Our only dinner at Lola was four years ago, when our friend Marion was in from Boston, staying at our house, and took us there. I can’t believe we waited so long to return, given how much we enjoyed our meals there, and how much we enjoy all things Tom Douglas. Lola is his Middle Eastern or Mediterranean place. We decided to order five small dishes to share: the hummus with smoky paprika; the salad with shaved asparagus, fennel, radish, and preserved lemon; the lamb meatballs with green garlic relish and mint; and two of the kebabs: Washington chicken with yogurt and dill and Washington king salmon with tarragon and capers.

What can I say? Everything was great. Perhaps my favorite, only because I had no great expectations and it was perfect, was the salad. I could eat that salad every night.

For dessert, Gail wanted the famous Tom Douglas doughnuts, the only problem being that they aren’t on Lola’s menu. They used to be, or at least we think so. And they’re on the Dahlia Lounge menu. Anyway, our waitress wasn’t fazed. She knew what Gail wanted and was happy to oblige, after pointing out that we might just want to try instead the doughnuts that are on the menu: loukoumathes with cinnamon and honey walnuts. Ultimately we took her advice and ordered both, so we could compare. They’re different, but equally wonderful. The loukoumathes are bigger, maybe a little heavier.

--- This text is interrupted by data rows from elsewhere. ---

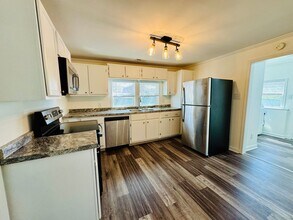 911 Old Hickory Grove Rd in Mount Holly, NC - Building Photo - Building Photo
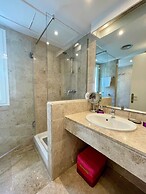 Modern 3 Bedroom Pool Access Apartment F-7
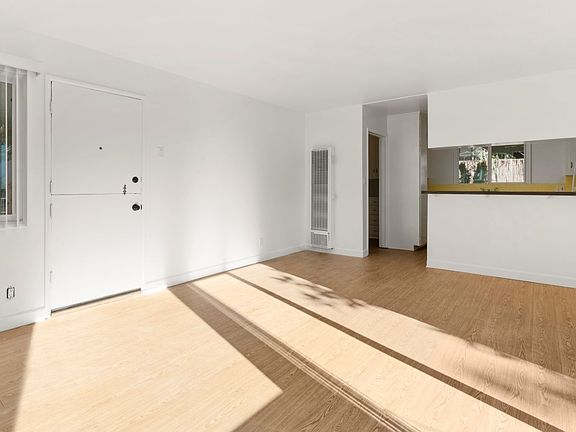 2nd image of 1550 Miramar Dr APT 1
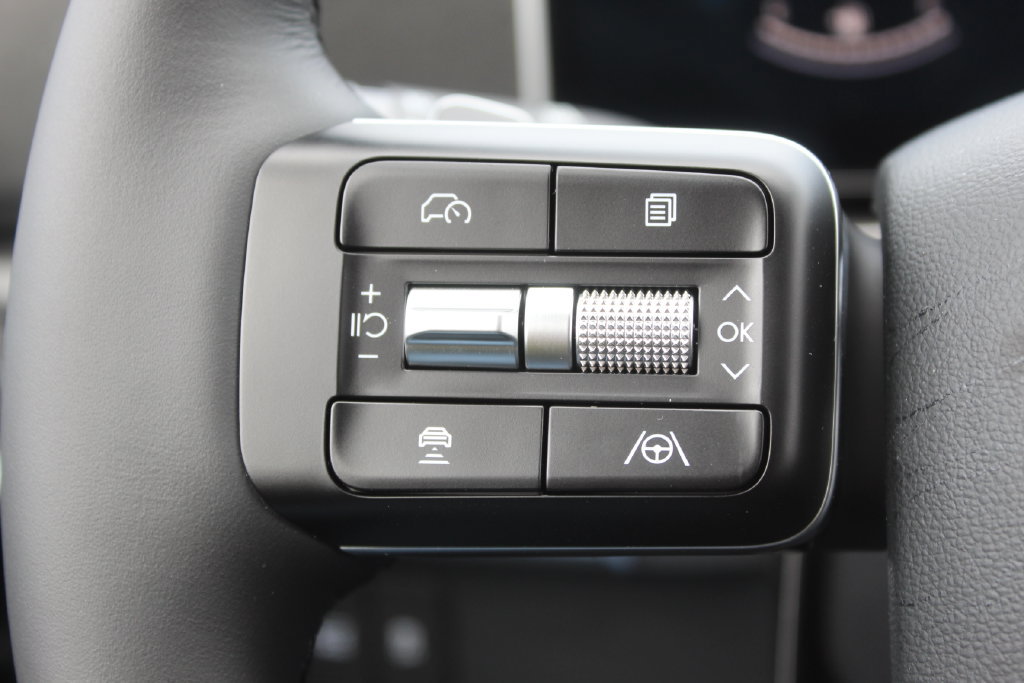 New 2026 Hyundai Santa Fe SEL FWD image 27
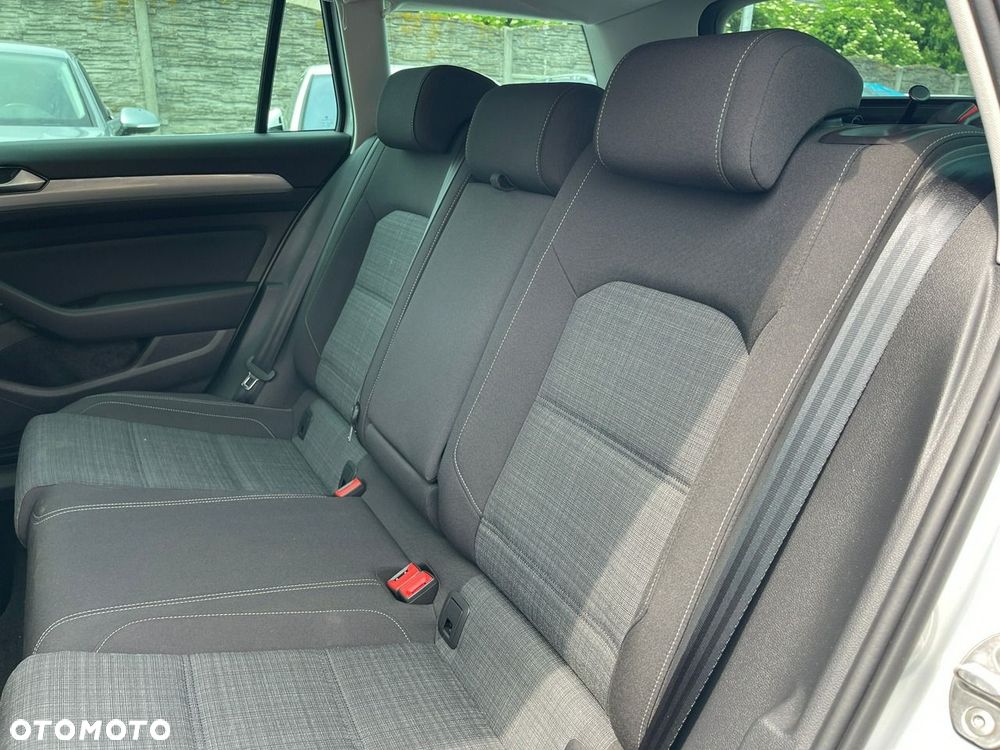 Volkswagen Passat Variant 2.0 TDI SCR DSG Conceptline - 16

The doughnuts, as always, come in a bag that one shakes to get them properly coated in sugar, with fresh jam and mascarpone as accompaniments.

I don’t think we’ll wait four years to go back.

3. Luc. We finally made it in, this past Monday night. This time we made a reservation, though we hardly needed it. We arrived at 5:00 and were met by the hostess we know well from Rover’s. She sat us in the front corner nook, just around the bend from the door — her favorite location, she said. In attendance were Gail, Joel, me. Joel had a beer and Gail a glass of wine, but I decided to go for one of the alcohol-free mixed drinks, an orange presse. It was described as having orange juice, club soda, orange soda, and basil. The basil added a delightful touch.

The menu had so many attractive options. We will need to return often. I eventually chose, as Gail did, to start with the arugula salad with caramelized shallots, fleur de sel, and olive oil. For the entree, Gail chose the boeuf bourguignon stew with mushroom, carrots, and potato, while Joel had the grilled beef onglet steak with peppercorn sauce and fries. I was tempted to get the sandwich special, which was a halibut sandwich that night, partly so I could try the accompanying fries, but Joel let me have a few of his fries and I chose instead the pasta of the day, which was noodles in a cream sauce with salmon and bacon.

Yet another perfect meal. Those fries were so good. Next time I might just go with the burger (beef burger, caramelized onions, tomato jam, arugula, Luc’s aioli, fries).

Dessert: I had the butterscotch crème brulée and Joel the chocolate & caramel cake with whipped cream. Plus, we all shared an order of 3 fruit jellies, which were apricot. More perfection.

That’s it from the restaurant front.